With different rules for distributed and utility-scale projects, SIP provides incentives to both project categories through a combination of fixed incentives and a pay-for-performance mechanism. For distributed storage, the pay-for-performance payments would be administrated by electric distribution companies (EDC), which would pay “based on the successful injection of power into the distribution system when called upon by the EDC,” according to the proposal.

It would award capacity and incentives to distributed storage projects in blocks, allocating 9 MW of planned capacity in the first year, 10 MW in the second year and 15 MW in the third year. Combined they total about one-quarter of the capacity incentivized in awards to grid-scale projects under the program. Two speakers questioned the imbalance and suggested that more should be allocated to stimulate the development of distributed projects, which include residential and commercial projects competing for the same pot of incentives.

“Without any cap on project size, a single large commercial energy storage can eat up the entire capacity,” said Elias. Without increasing the capacity available, he said, it is “critical that the BPU separate capacity buckets for residential and nonresidential distributed projects, which will add to additional program complexity.”

Available Incentive Capacity

Competing demands for limited incentives prompted other speakers to express concern that insufficient capacity would hurt efforts to support overburdened communities.

John Rotolo, chief engineer for the Newark-based Passaic Valley Sewerage Commission, called the proposed incentive capacity “insufficient” and urged the BPU to increase the program capacity and “make the majority the capacity available to distributed storage projects,” such as those planned at his own agency.

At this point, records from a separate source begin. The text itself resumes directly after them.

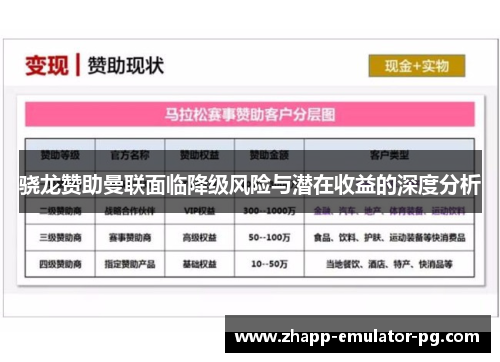 骁龙赞助曼联面临降级风险与潜在收益的深度分析 骁龙赞助曼联面临降级风险与潜在收益的深度分析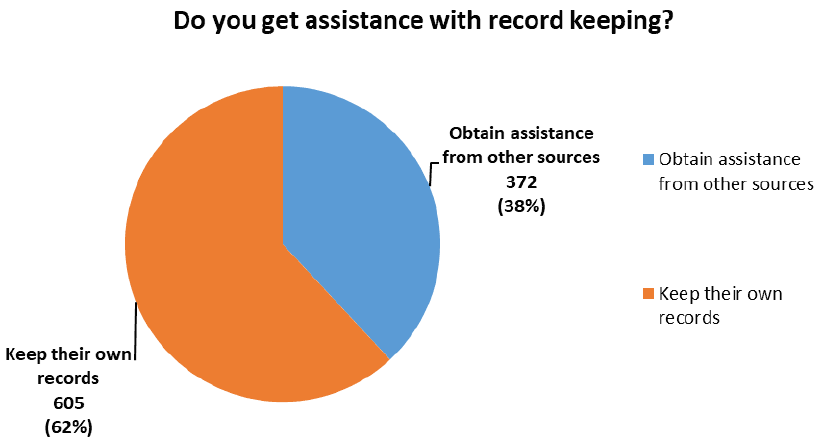 Pie chart assessing respondants by their assistance with record keeping; Keep their own records or Obtain assistance from other sources.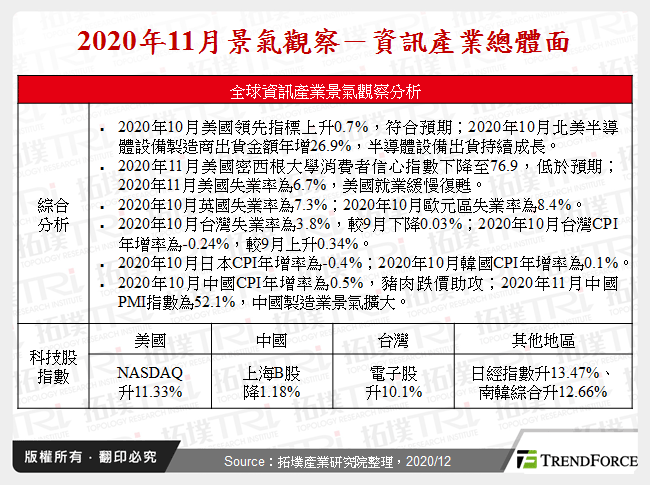 2020年11月景氣觀察－資訊產業總體面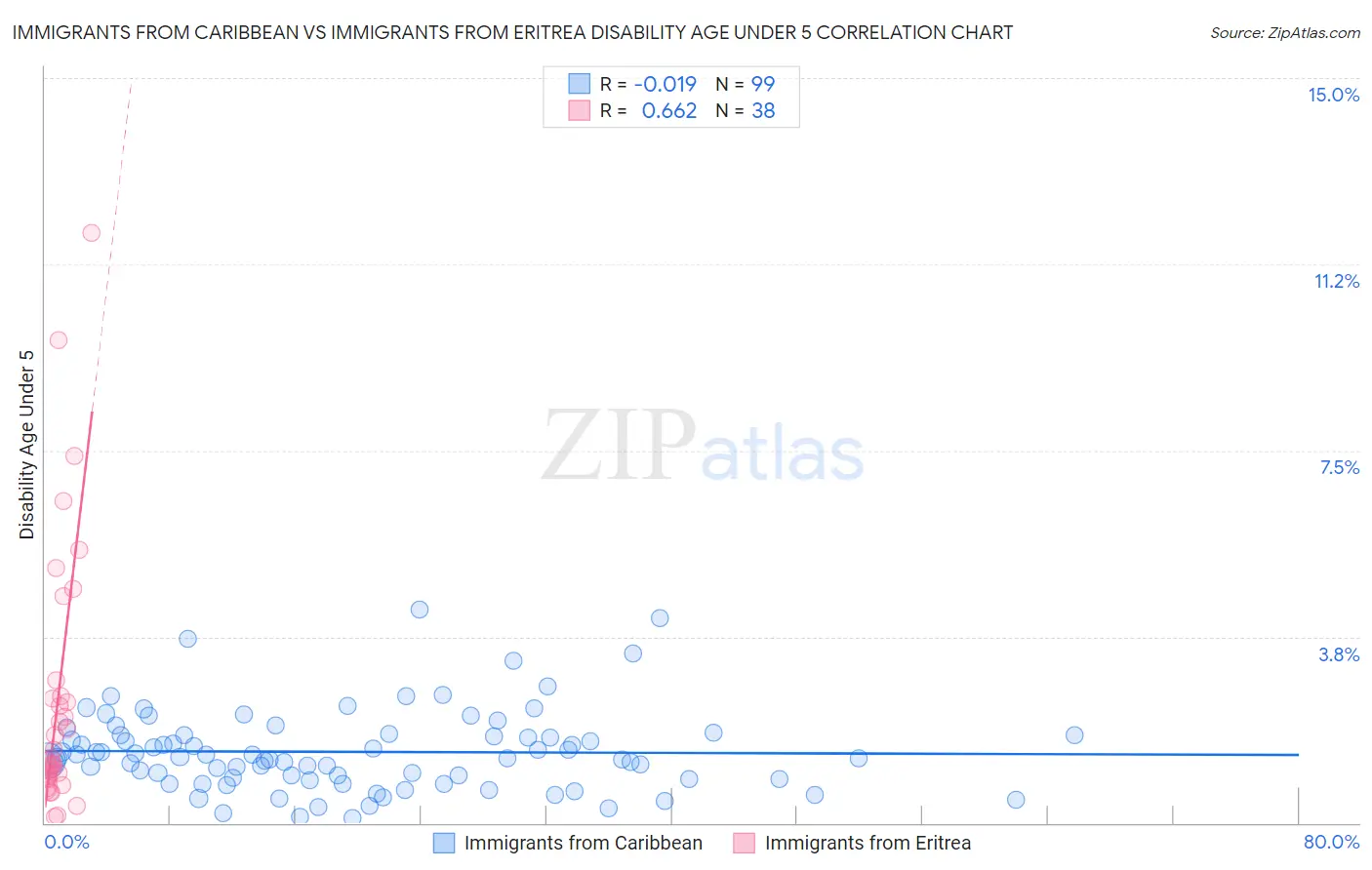 Immigrants from Caribbean vs Immigrants from Eritrea Disability Age Under 5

The commission, which operates the largest sewage treatment plant in New Jersey, serves 48 municipalities and is situated in an overburdened community that has a “strong desire to minimize fossil fuel emissions.” During Superstorm Sandy, the commission lost power and could not treat sewage, which resulted in “hundreds of millions of gallons of raw and partially treated sewage” being released into the Passaic River and Newark Bay, Rotolo said.

The agency is in the process of evaluating responses to a request for proposals to develop a clean energy source that would tie in to a microgrid that in several of the proposals would be supported by storage, he said. The plan would require about 34 MW of storage, which would provide enough power to operate the facility during an outage, Rotolo said.

“We are concerned that the storage proposal does not provide enough incentive program capacity even for our single project, let alone the main vital resiliency projects I’m sure are being planned or already processed around the state,” he said.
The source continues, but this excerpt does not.